GAINESVILLE, Fla. -- Wearing full pads and sweating from head to toe, Tim Tebow took snaps, threw passes and ran option plays Tuesday in his first practice since suffering a concussion 10 days ago.
The only thing Florida's star quarterback wasn't allowed to do was run over anybody.
Tebow returned to practice on a limited basis, though he still has not been cleared to play in the top-ranked Gators' Saturday night game at No. 4 LSU. Tebow wore a red non-contact jersey -- normal for quarterbacks -- and took snaps with the first-team offense.
"He looked like Tim out there today," coach Urban Meyer said. "Obviously practice is a lot different from what's going to happen Saturday night. We're still doing an evaluation."
The 2007 Heisman Trophy winner suffered a concussion in Florida's last game, against Kentucky on Sept. 26, when his head slammed into a teammate's knee after he took a hard hit to the chest. He spent the night in a Lexington, Ky., hospital and sat out practice last week (Florida was off) and again Monday.
He started running and lifting weights a few days ago. But Tebow didn't receive partial clearance to return to the field until he met with a team of athletic trainers and doctors, including a concussion expert from the University of Pittsburgh, during a pre-practice evaluation Tuesday.
Tebow had multiple imaging scans since his concussion and went through a battery of concussion tests, including Standard Assessment of Concussion (SAC), Balance Error Scoring System (BESS), Post Concussion System Scale (PCSS) and ImPact, a neuro-cognitive computer test.
A person familiar with the situation told ESPN's Joe Schad that doctors were satisfied with the progress Tebow has shown in balance, equilibrium and memory testing. He must reach certain measurable standards to progress to the next level in his participation.

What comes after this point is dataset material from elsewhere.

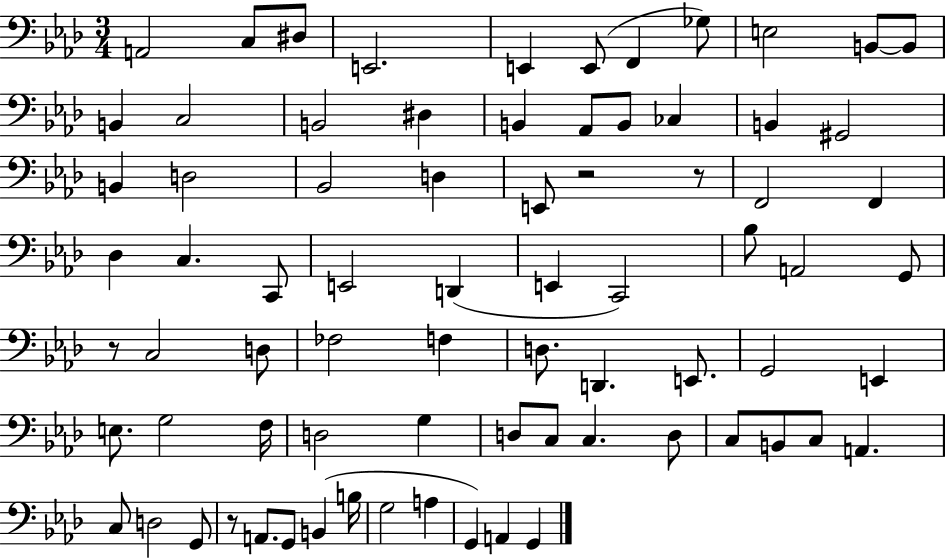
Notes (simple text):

A2/h C3/e D#3/e E2/h. E2/q E2/e F2/q Gb3/e E3/h B2/e B2/e B2/q C3/h B2/h D#3/q B2/q Ab2/e B2/e CES3/q B2/q G#2/h B2/q D3/h Bb2/h D3/q E2/e R/h R/e F2/h F2/q Db3/q C3/q. C2/e E2/h D2/q E2/q C2/h Bb3/e A2/h G2/e R/e C3/h D3/e FES3/h F3/q D3/e. D2/q. E2/e. G2/h E2/q E3/e. G3/h F3/s D3/h G3/q D3/e C3/e C3/q. D3/e C3/e B2/e C3/e A2/q. C3/e D3/h G2/e R/e A2/e. G2/e B2/q B3/s G3/h A3/q G2/q A2/q G2/q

Regarding Tebow's status and whether he will be cleared to play against LSU, a source close to the situation told ESPN's Tom Rinaldi that it was "highly unlikely any decision would be made before Saturday."
"Big smile on his face like you can imagine with Tim," Meyer said. "He was very anxious to get going. He told us after his workout two days ago it was the first time he broke a sweat and how good he felt."
Although Tebow seems to be on pace to play against the Tigers, Meyer cautioned that one small setback would postpone his return.
"If symptoms show up, that delays the whole deal," Meyer said.
Meyer said Tebow's status likely will not be determined until late in the week, maybe even the day of the game.
"If they said he's ready to go, then we have to make a decision to play him," Meyer said. "I've got to make that clear. He has not been cleared to play in the game Saturday night. Absolutely not. I don't think that will happen for some time yet. He simply practiced a 20-period practice in full pads."
Meyer said Tebow was a little rusty during practice, not too surprising since it was his first on-field action in more than a week. Tebow took about half the snaps -- backup John Brantley got the other half -- and competed in about 80 percent of the workout. He was held out of 11-on-11 drills.
Tebow hopped in a white van after practice and was shuttled from the fields to the football facility, keeping him out of sight from the 40 reporters and television cameras staking out his every move.
Meyer, meanwhile, headed into meetings with assistant coaches to discuss how the game plan would change if Tebow does play Saturday.
Will the Gators try to keep Tebow out of harm's way?
"I don't know how you do that," Meyer said. "It's a major college football game, especially against the team we're playing. We'll talk about it. ... The next two days will be heavy discussion with that."
But before Meyer makes any decisions about Tebow's playing time and play-calling, he said his star player needs to be fully cleared.
"We'll cross that when it's time," Meyer said. "I'm going to talk to Tim. The first thing you've got to do is, 'Is he 100 percent medically cleared?' And then you cross the next bridge. You go one at a time. And then what you have to do as an offensive coach, and as a head coach, is prepare in case he doesn't and prepare in case he does.
"The good thing is we have a quality guy right behind him that's a pretty good player," he said.
Information from ESPN.com's Chris Low and The Associated Press was used in this report.